The printed result looks like this:

{
  "entities": [
    {"name": "p53", "category": "protein", "context": "The tumor suppressor p53 is negatively regulated by MDM2"},
    {"name": "MDM2", "category": "protein", "context": "negatively regulated by MDM2, an E3 ubiquitin ligase"},
    {"name": "nutlin-3a", "category": "chemical", "context": "small-molecule inhibitor nutlin-3a disrupts the p53-MDM2 interaction"},
    {"name": "HCT116", "category": "cell_type", "context": "cell-cycle arrest in HCT116 colon cancer cells"},
    {"name": "p21", "category": "gene", "context": "upregulation of p21 and Bax transcripts"},
    {"name": "Bax", "category": "gene", "context": "upregulation of p21 and Bax transcripts"}
  ],
  "relationships": [
    {"subject": "MDM2", "predicate": "inhibits", "object": "p53"},
    {"subject": "nutlin-3a", "predicate": "disrupts", "object": "p53-MDM2 interaction"},
    {"subject": "p53", "predicate": "upregulates", "object": "p21"}
  ],
  "follow_up": [
    "Perform co-immunoprecipitation to confirm p53-MDM2 disruption by nutlin-3a in HCT116 cells.",
    "Run a dose-response assay to quantify IC50 of nutlin-3a for p53 accumulation.",
    "Validate p21 and Bax upregulation by quantitative PCR."
  ]
}

Next steps

Two concrete ways to extend this pipeline.

First, switch from abstracts to full article PDFs.
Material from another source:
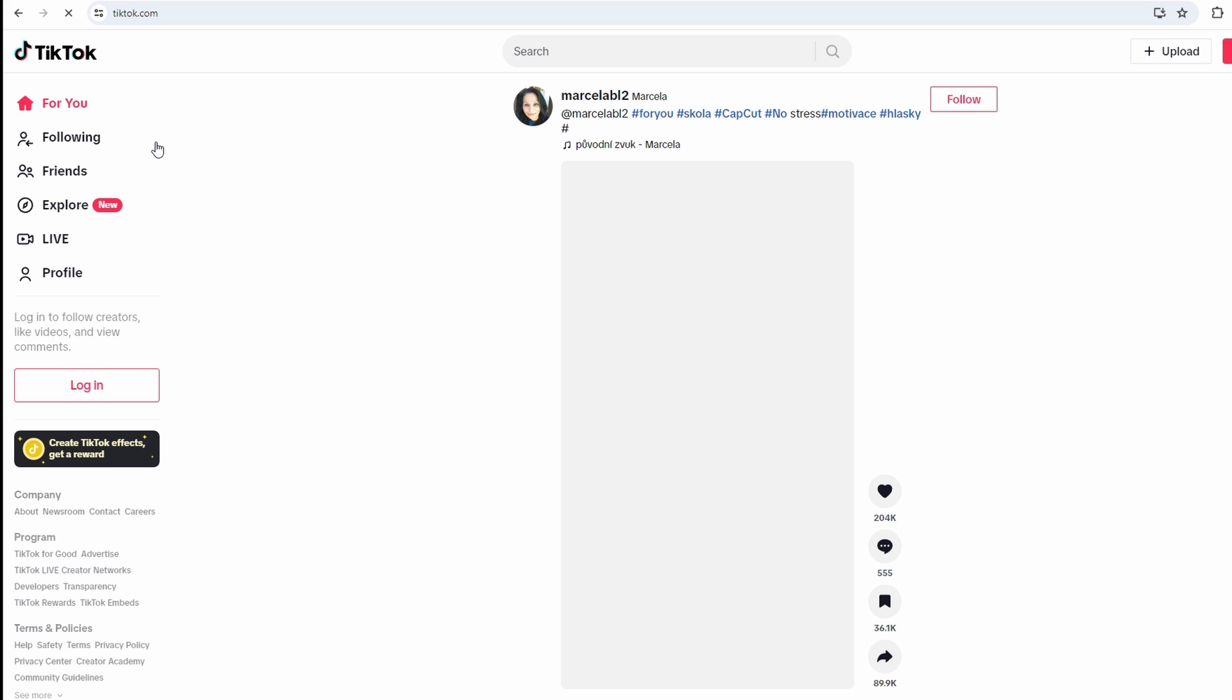Open your preferred web browser on your PC or laptop. Go to tiktok.com and click on the login button. Look at the top left side of the screen or top right corner.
Oxlo.ai uses flat per-request pricing, so you can paste an entire methods section or supplementary figure caption without increasing the API cost. That makes whole-paper analysis practical in a way that token-based billing discourages.
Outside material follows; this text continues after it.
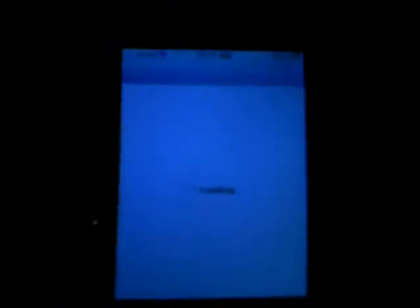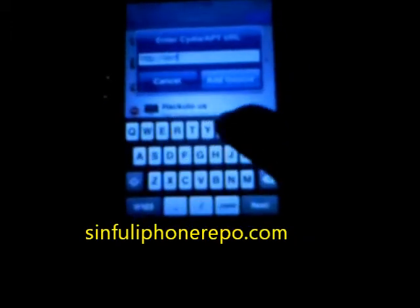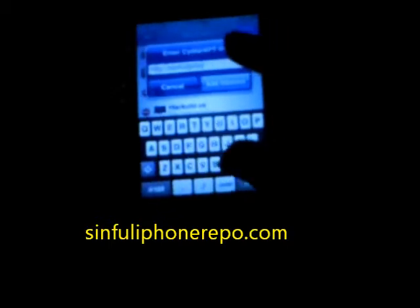So what you want to do first to get Simple iPhone Repo — I said Simple App Repo but it's actually Simple iPhone Repo — is go to Manage, then Sources, then click Edit and Add. You want to type in the URL: simpleiphone repo dot com, and then click Add Source. That's how you basically get Simple iPhone Repo.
Second, build a semantic search layer over your extractions. Oxlo.ai hosts embedding models such as BGE-Large and E5-Large. You can vectorize each extracted entity or relationship, store the vectors in a local database like pgvector or Chroma, and then query across your literature findings with natural language. This turns a static reading list into a living knowledge base you can interrogate without exact keyword matching.